Por ello creemos que la primera pregunta que se dirige a la Iglesia, precisamente cuando quiere anunciar la resurrección de Jesús, es si está en verdad junto a la cruz de Jesús y junto a las innumerables cruces actuales de la historia. No hay otro lugar para poder hablar cristianamente de la resurrección de Jesús. Cuando eso no ocurre, sobreviene la sensación de impotencia para hablar de la resurrección, los impases teóricos y prácticos para decir a los hombres y mujeres algo tan sencillo como es el que pueden vivir ya como resucitados y cómo hacerlo, aparece el lenguaje precipitado del "misterio" y de la "fe"; precipitado, no porque la resurrección no tenga que ser expresada en ese lenguaje, sino porque no hay suficiente historia que dé lucidez a ese lenguaje.
Cuando la Iglesia, sin embargo, está junto al crucificado y los crucificados, sabe cómo hablar del resucitado, cómo suscitar una esperanza y cómo hacer que los cristianos vivan ya como resucitados en la historia. Quizá las palabras que se usen sean las mismas que se usan en otros lugares; pero tienen un significado distinto; los cristianos las entienden y esas palabras desencadenan vida cristiana. Baste citar como ejemplo la predicación de Mons. Romero sobre Jesús resucitado.
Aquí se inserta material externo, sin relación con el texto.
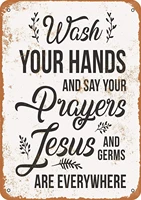 812 metal sign wash your hands and say your prayers vintage look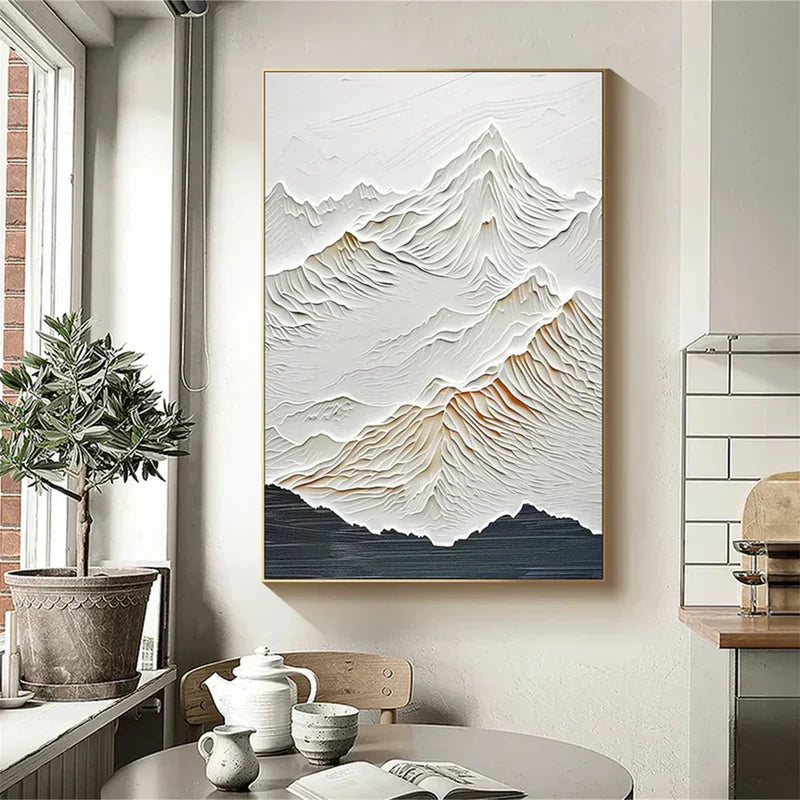 White Mountain Textured Wall Art – 3D Landscape Canvas Painting#yy721009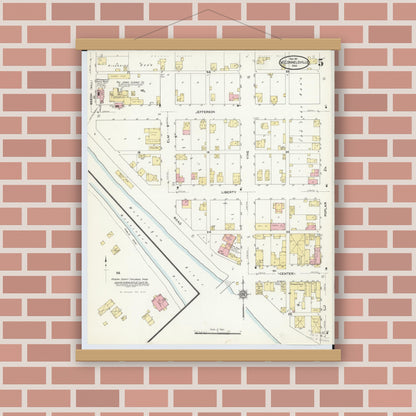 Old map wall art mockup — magnetic wood frame on brick wall — Sanborn Fire Insurance Map from McConnelsville, Morgan County, Ohio (1911), Sheet #0005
La razón para ello no es otra que en los crucificados de la historia se hace hoy presente Jesús, como lo recuerda Mt 25. En ellos se ha vuelto a aparecer Jesús, mostrando ciertamente más sus heridas que su gloria, pero estando realmente en ellos.
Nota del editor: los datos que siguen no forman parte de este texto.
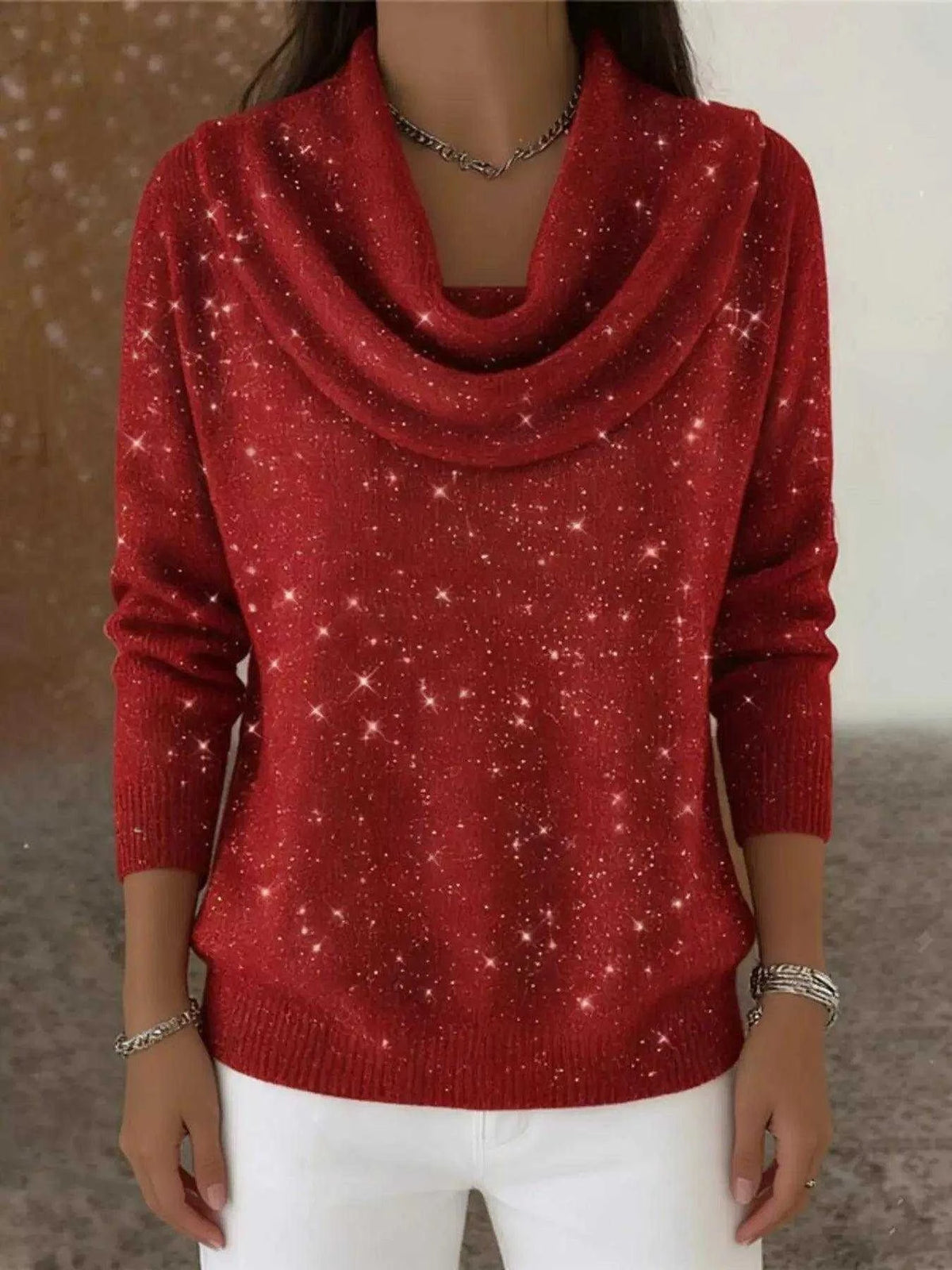 Full Size Solid Color Cowl Neck Sweater Plus Size Luxe Curves Plus Size Fashion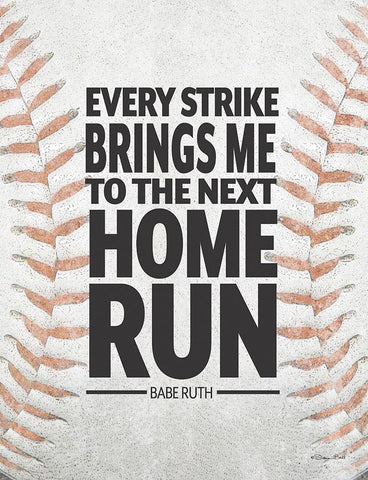 Home Run White Modern Wood Framed Art Print with Double Matting by Ball, Susan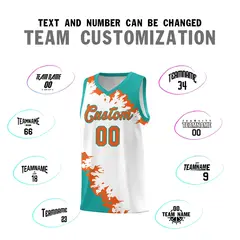 White Aqua-Orange Sparkle Pattern Basketball Kits 4
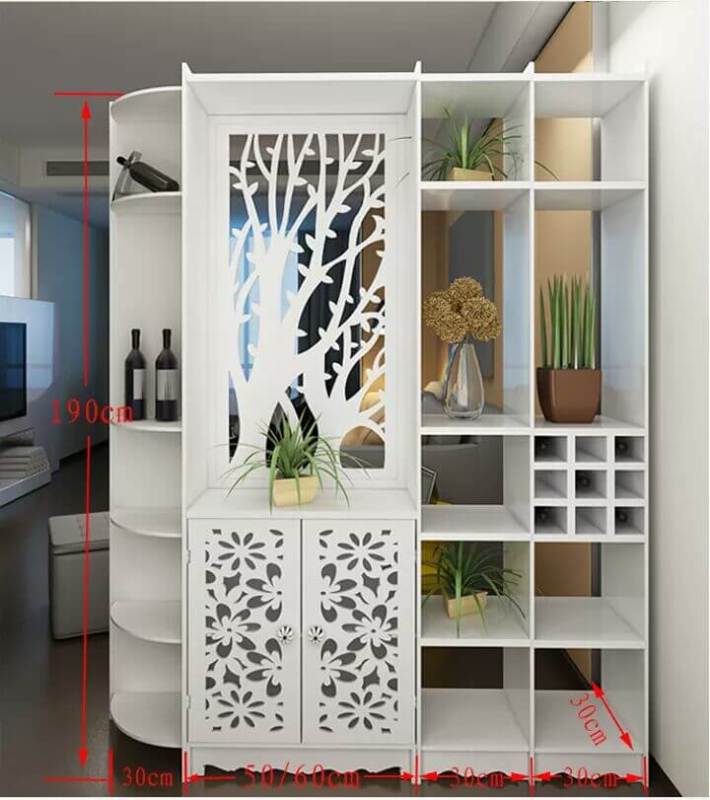 Vách ngăn có tủ liền kệ góc hình bán nguyệt GT445 cao cấp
Todo lo dicho podrá parecer locura o el summum de una refinada dialéctica. También el autor es consciente de que la situación de El Salvador y de Centroamérica reproduce mucho más el viernes santo que el domingo de pascua, y por ello tienda a hacer de la 'necesidad' de ese viernes santo la 'virtud' del domingo de resurrección. A pesar de todo, sin embargo, terminamos como comenzamos. La resurrección del crucificado es verdad. Será locura, como lo fue para los corintios. Pero fuera de esa locura, por ser verdad, o fuera de esa verdad, aunque sea locura, la resurrección de Jesús no pasaría de ser uno de tantos símbolos de esperanza en la supervivencia que los hombres han diseñado en sus religiones o filosofías, pero no sería el símbolo cristiano de esperanza.
Esa verdad se sigue repitiendo históricamente. El énfasis en el crucificado no está al servicio de una construcción dialéctica conceptual, sino que proviene de constatar la realidad histórica de los crucificados. Cuando se le preguntó a un agente de pastoral de una comunidad de base de El Salvador, muy castigado por la represión, qué hacían como Iglesia, respondió sencillamente: mantener la esperanza de los que sufren. Y para ello, añadió, leemos los profetas y la pasión de Jesús. Así esperamos la resurrección.
Nadie como los crucificados esperan la resurrección, pero mantienen esa esperanza recordando la vida y muerte de Jesús, tratando de reproducirlas activamente o sufriendo pasivamente la suerte que les asemeja a Jesús como el siervo de Yahvé desfigurado. Paradójicamente, eso genera esperanza.
Desde los crucificados de la historia, sin pactar con sus cruces, es desde donde hay que anunciar la resurrección de Jesús. En ellos está hoy presente Jesús; en el servicio a ellos se hace hoy presente el señorío de Jesús; en la tozudez de no pactar con sus cruces y buscar siempre la liberación de esas cruces se hace presente in actu y a la manera histórica la esperanza inconmovible. Desde ahí se puede entender un poco más de qué se trata al hablar de la resurrección de Jesús y desde ahí se puede corresponder en la historia a la realidad del resucitado.